喘息と漢方

 喘息は発作期と緩快期をくりかえします。発作時には咳・痰・胸苦しい、さらに重症になると呼吸困難・窒息ということにもなる大変な病気です。気管支に慢性的な炎症があり、ちょっとした刺激で発作が起きるということで、最近は発作をおさえていく為、吸入ステロイド剤が使われています。

 中医学で喘証と哮証が喘息にあたります。発作時にゼロゼロ痰の音がするもので、甚だしいと呼吸困難をおこすものを哮証といいます。宿痰が肺に潜伏していると考えられています。呼吸困難をおこし、甚だしい時は口を開き、肩をあげて呼吸するものは喘証です。

 症状のある時は症状に対する漢方薬(標治)を、症状がない時は体質を改善する漢方薬(本治)を用います。また、標本同治の時も多いです。西洋医学では気管支拡張剤・抗アレルギー剤・気道粘膜調整剤・ステロイドなど症状に応じて使います。

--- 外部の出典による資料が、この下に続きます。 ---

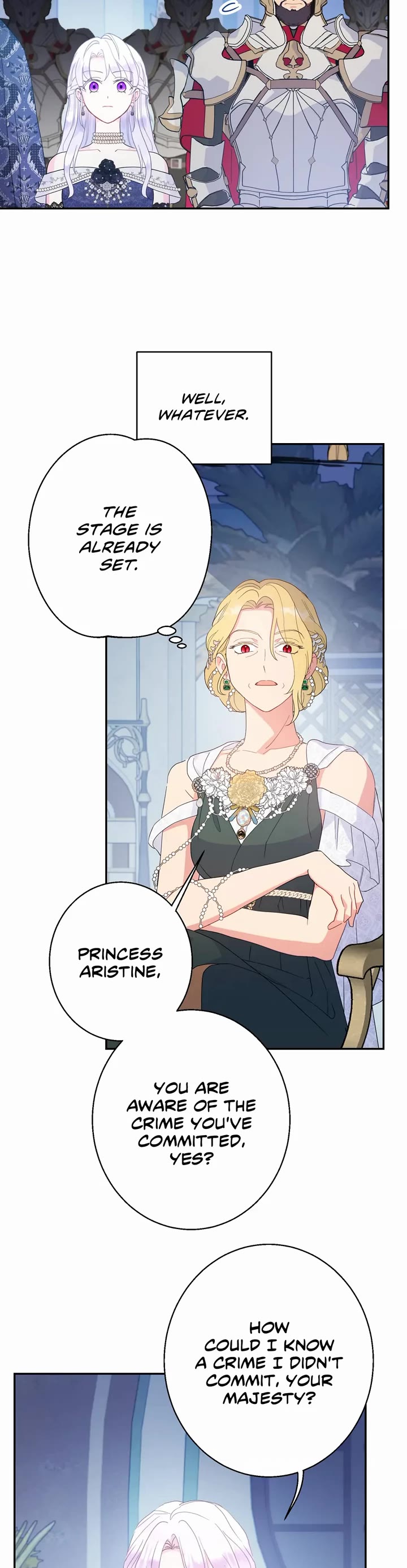Forget About My Husband, I'd Rather Go Make Money Chapter 97 page 14 - Chapter 97: Twisting the Narrative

 漢方は薬効でもちいるわけではありませんので情報を集めなくてはいけません。冷えてでているのか?熱をもっているのか?
・・・寒熱は重用です。痰の量や性状・寒気・発熱・痛み・汗・・・

寒の時は麻黄湯・小青竜湯など
熱の時は麻杏甘石湯(麻杏止咳錠)・五虎湯など
熱痰がある時は温胆湯など
寒痰のある時は半夏厚朴湯・蘇子降気湯など
空咳や痰が喀出しにくい時は麦門冬湯や潤肺糖漿(養陰清肺)など

 症状に合わせて組み合わせます。本治の方は少し複雑です。病位といって病気の位置は肺にあるのですが、原因が肺にあるとはかぎりません。喘息の発作時は苦しくて息がはく事ができない状態です。中医学(漢方医学)では「肺は呼気を主る」といいます。息を吐くというのは肺の働きということです。だから、息がはけないのは肺の働きが失調しています。

 では、息を吸い込むのは?納気(吸気)は腎が主催しています。だから、息が吸い込みにくいのは腎が虚している証拠です。呼多吸少(はく息の方が吸う息より多い状態)といわれます。・・・このタイプは息が足りなくなるため、時々大きく吸い込みます。

 呼吸は肺と腎の共同作業!腎が弱ると呼吸が浅くなります。腎は陰陽バランスの基です。腎の陰陽を真陰・真陽といいます。ですから陰虚と陽虚を分けて考えます。

腎陰虚の場合は八仙丸(麦味地黄丸)、滋陰降火湯など
腎陽虚の場合は平喘顆粒(蘇子降気湯)、双料参茸丸、金匱腎気丸+参かい散(人参と蛤かい)など

 蛤かいはオオヤモリの尾で、補肺益腎・納気定喘(肺と腎を補い、吸気を納めて呼吸困難の状態を改善する)の働きがあります。また、冬虫夏草は補肺陰・益腎陽に止血化痰の働きがあるので陰虚にも陽虚にも使われます。

呼吸法で息を丹田まで深く吸むというのを聞いた事があるよ。
コーラスの時も深く吸い込むから腹式呼吸だよ。
丹田は臍下三寸で腎と関係してるのよ。

 哮証のように潜伏している痰がある時は脾も重用です。脾は『生痰の源(痰を生む源・・・痰の製造場所)』といわれます。さらに、肺とは相生(母子)関係です。食べ過ぎ、偏食などが誘引になって喘息をおこしている場合も多いです。肥甘厚味のものは痰をつくるので控えるほうがいいです。

肥・・・油(脂)っこいもの
甘・・・甘いもの      
厚・・・濃い味のもの

   
 脾虚痰湿がある時は健脾化痰の六君子湯・ストレスがあれば理気薬が加わった香砂六君子湯がよく使われます。もちろん肺が弱い(肺虚)の時もあります。それともう一つ、わがままな肝のせいで喘息がおきる事もあります。特徴は喘息が精神的なものから誘発されるということです。これを肝気横逆、肝気犯肺といいます。

 緊張すればするほど咳き込んだりする経験がある人もあると思います。またストレスによってむせて咳きがでて言葉を続けられないような場面を見た事のある人もいると思います。いずれにしろ体質改善は必要だと思いますが 気長に時間をかける必要があります。